Charon Ray killed Dakeem Galloway on June 10, 2004. Ray was convicted of first-degree murder in June 2007 and received the mandatory — at the time — sentence of life without parole.
The Supreme Judicial Court said Ray should be resentenced because of the court’s recent decision that it’s unconstitutional under both the US Constitution and the Massachusetts Declaration of Rights to sentence juveniles in Massachusetts to life without parole.
The court rejected a number of other arguments brought by Ray in his appeal.
“We therefore decline to vacate the defendant’s convictions but remand this case to the Superior Court for resentencing,’’ the unanimous court said in today’s decision, which was written by Justice Robert Cordy.
Suffolk County prosecutors said they would fight to make sure Ray stayed in prison.

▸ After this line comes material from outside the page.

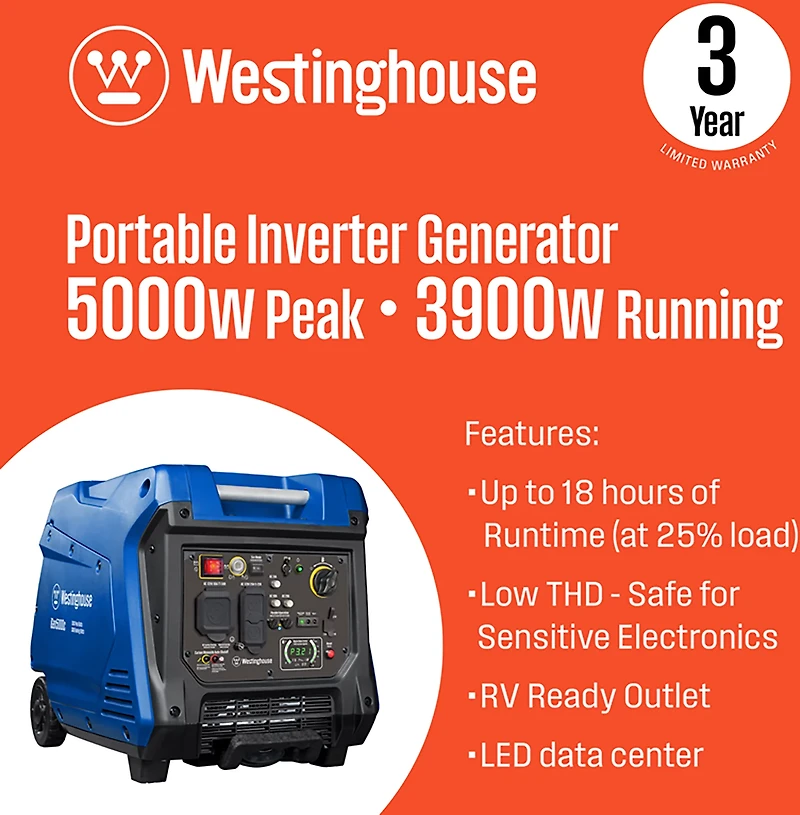 Westinghouse 5,000W Gas Powered Inverter Generator with Remote Electric Start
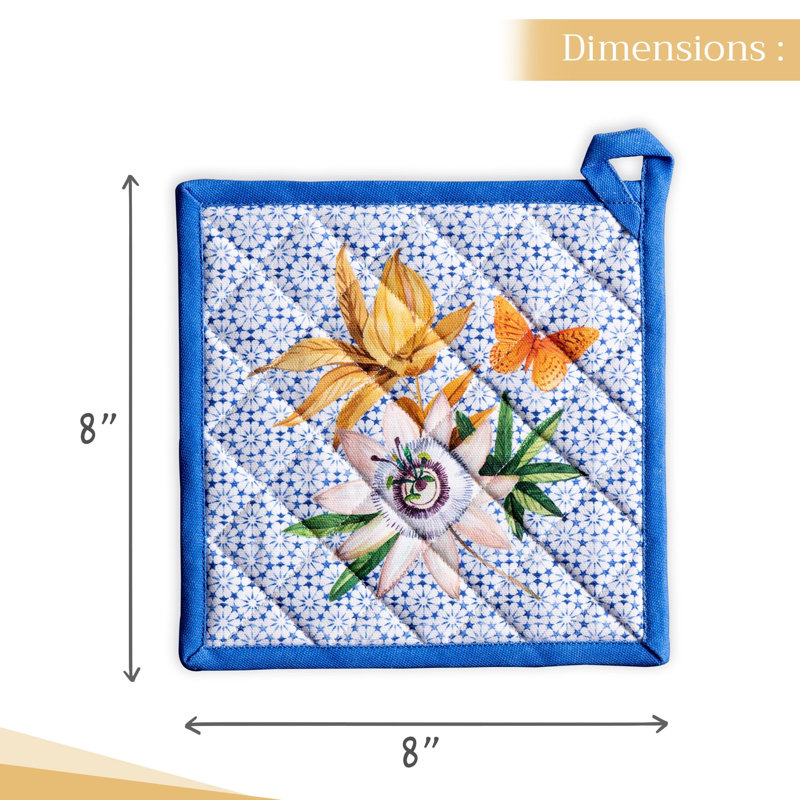 Maison d'Hermine Passiflora 100 % coton manique simple - 8 po x 8 po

“This defendant stalked and murdered a 14-year-old boy who went out of his way to avoid a conflict. The defendant’s fellow gang members tried to thwart the investigation and these proceedings. Despite the intrusion of gang activity into the courtroom, he got a full, fair trial and a conviction based on the evidence. That’s much more than he gave Dakeem Galloway before taking the boy’s life. This defendant was sentenced to life in prison for the premeditated murder of an innocent child. Based on the facts of this case, we expect to argue that he deserves every day of that sentence,’’ District Attorney Daniel F. Conley said in a statement.
Attorney Robert F. Shaw Jr., Ray’s attorney, said Ray’s convictions should have been thrown out.
“We respect the Supreme Judicial Court and we vigorously disagree with this decision. The judgments in this case should have been reversed. As for the District Attorney’s public declarations of gang involvement, they are completely unfounded and contradict what prosecutors have represented in court for nearly a decade,’’ Shaw said in a statement.
Shaw, on the other hand, said he was pleased that “the blind, automatic sentence of life without parole no longer has force and effect in Mr. Ray’s case.’’
After the SJC decision striking down life without parole sentences for juveniles was announced in December, lawyers told the Globe that such prisoners would have to have served at least 15 years before being considered for parole.
Lawmakers and prosecutors are pressing legislation on Beacon Hill that would amend the law to require juvenile murderers to have served at least 35 years before parole eligiblity.
For adults, life without parole remains the mandatory sentence for first-degree murder.